その考えを身に着けたのは、母親の影響が大きい。
「人より優れた人でいなさい」と母親が教えたのは、私が世間を渡りやすくする為の親心だったと思う。だけどその考えは、ある人にとっては有益だったかもしれないが、私にとってはそうではなかった。
それは、呪縛のように私を縛って、私を生きづらくした。いつも自分に×をつけずにはいられなかった。
あるとき、今まで自分が持っていた二元思考に疑問を持った。
二元思考という言葉も知らなくて、「人は皆、それぞれ違っている。そこには優劣はないんじゃないか。単に、ただ違っているだけではないか」とふと思ったのだ。
それをすぐに信じられたわけではない。
ただ、別の見方があることに一度気が付くと、そういう考え方が目に付きやすくなった。
「非二元論」とか、「ワンネス」、「ノンデュアリティ」「世界は分離していないて、ひとつのもの」というような考え方だ。
全てがひとつの世界ならば、そこで優劣を競うことに意味なんかないのではないだろうか。今はそう思っている。
思考や感情、身体や資質、観念、そういう諸々のことを含めて、たまたま私はそう表現されていて、他の人もそれぞれそう表現されているだけのこと。
それはたまたま偶然なのか、宇宙の意思とかそういうことなのかはわからないけれど、表現されている個をただ体験すればいい。だから、それぞれ違いはあるけれど、「違っているね」とぼんやり眺めているくらいでいいんじゃないかと思うようになったのだ。
もちろんそうは言っても現実世界では二元思考が優勢だし、肉体を持ってこの世界で生きている以上、そこから完全に開放されるなんて無理なんだとも思う。
100%やろうとすると、非二元が素晴らしくて二元は劣っているという、また優劣の罠に陥りそうな気がするし。
ただ、今までとは違う視点を少しだけ取り入れられれば、自分に価値がないっていうことが少しだけ楽になりそうな気がしている。
人それぞれかもしれない。だけど、少なくとも私はそう思うことで、ずいぶんと楽になることができた。
別の考え方や視点が目に付いたり耳に入ってきやすくなっているとき、それは、「別の考え方をしてもいいのですよ」という兆しなんじゃないかと思う。

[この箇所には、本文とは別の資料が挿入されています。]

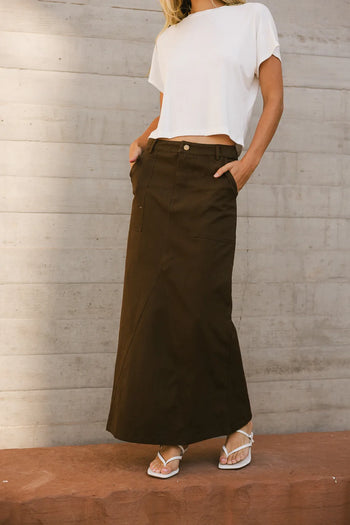 Maxi brown denim skirts 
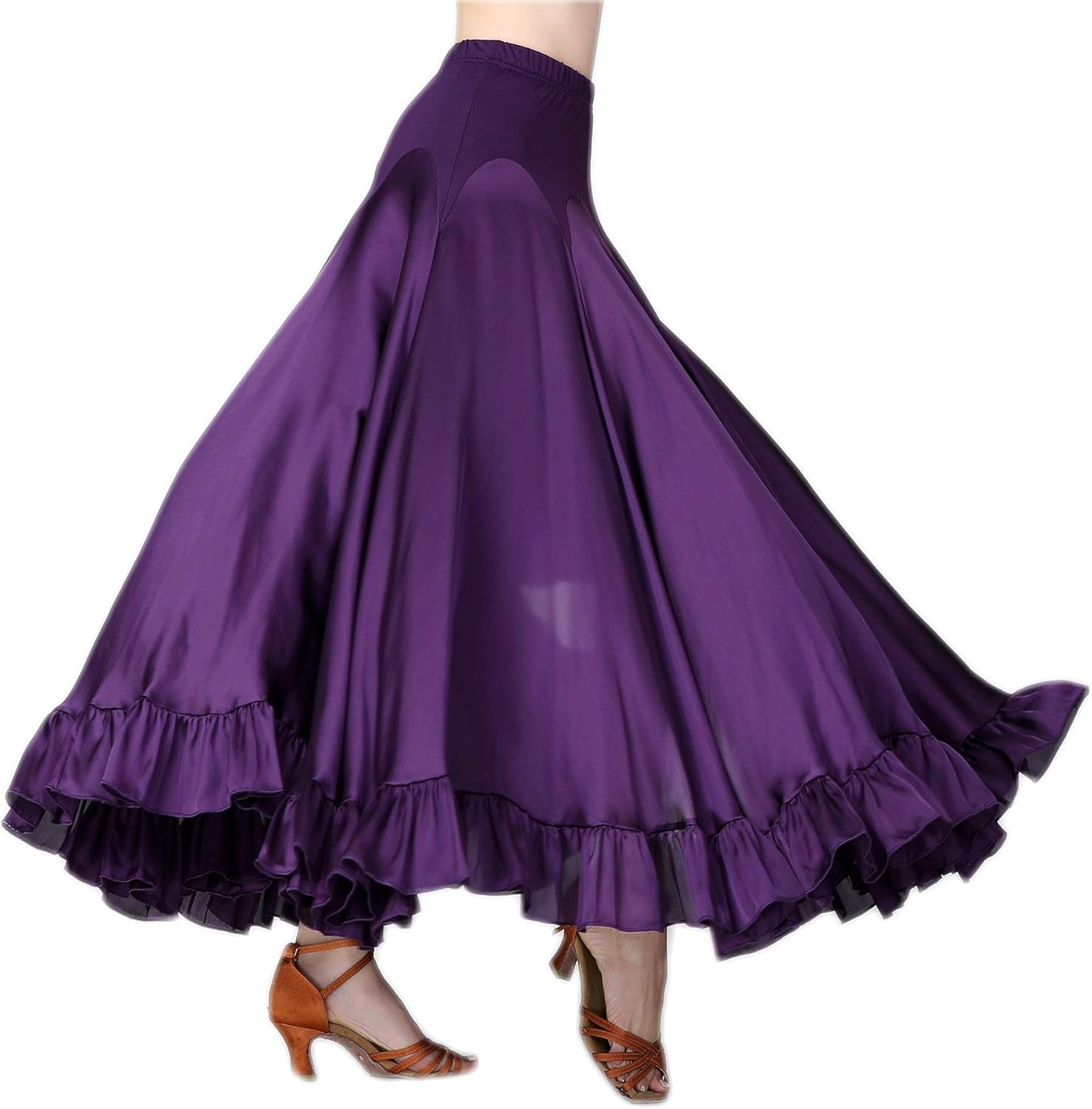 CISMARK Long Modern Flamenco Waltz Standard Ballroom Dance Fancy Training Skirt - Image 2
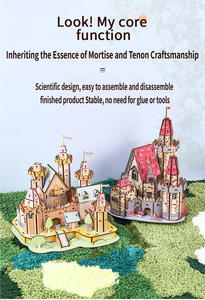 Jeu de construction de maison en bois DIY avec des thèmes de château et de manoir, conçu pour inspirer l'imagination, la créativité et le jeu pratique - Product Image 6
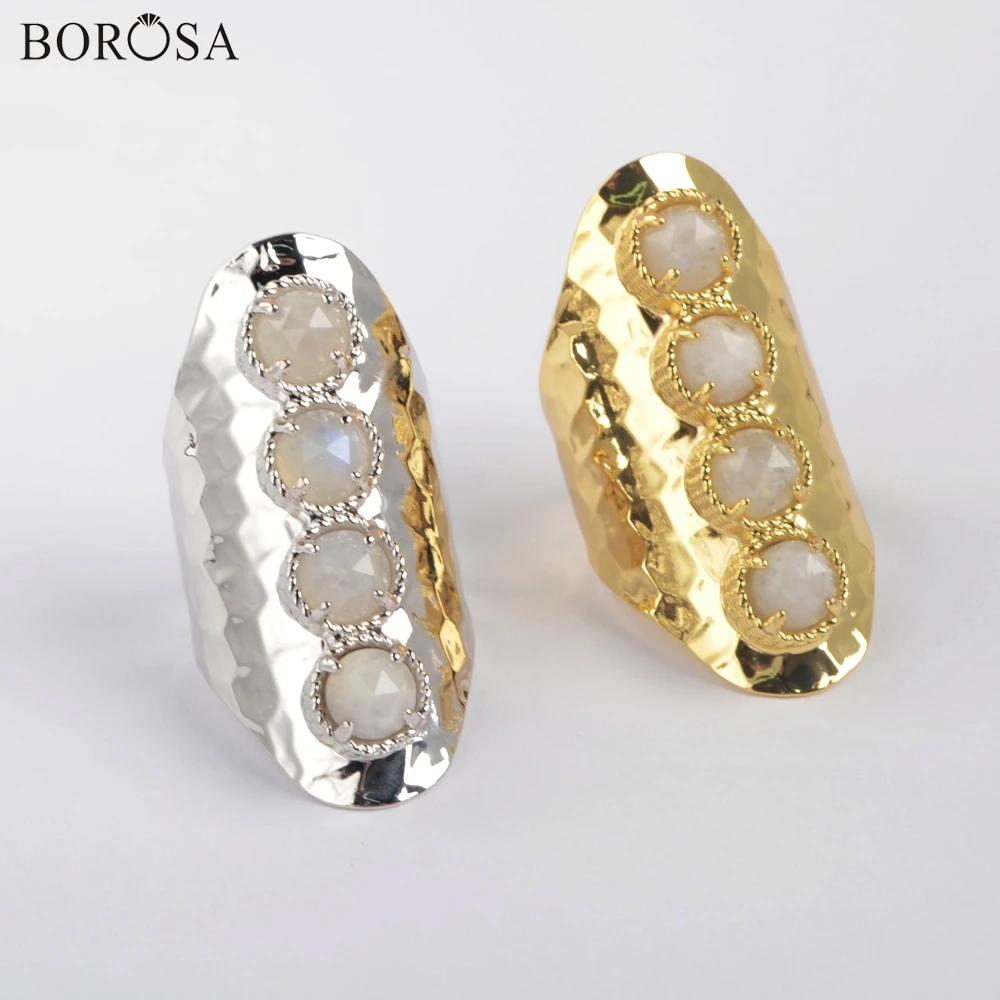 BOROSA 5 шт. позолоченные/посеребренные ободки кольцо с натуральным лунным камнем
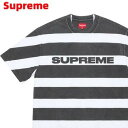 L【Supreme Printed Stripe S/S Top Black 21ss シュプリーム プリント ストライプ ショートスリーブ トップ シュプリーム ボーダー Tシャツ 2021ss】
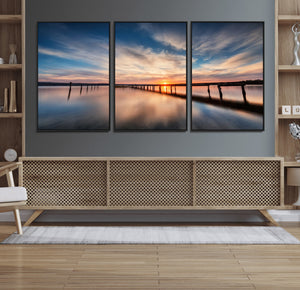 Wooden Pier on Seascape and Sunset Wall Art Canvas Print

今までと同じように親の価値観や世間一般の価値観に合わせて生きててもいいし、それが苦しいなら手放してもいい。身に着けてきた偏見で自分を切り刻まなくてもいい。自分が楽に生きることを選択してもいい。
それを自分に許すかどうかは、その人次第だと思う。
無価値感に悩んでいる人は、あなたが感じている無価値感は本当に必要なものなのか、まずそこを疑ってみる必要があるんじゃないだろうか。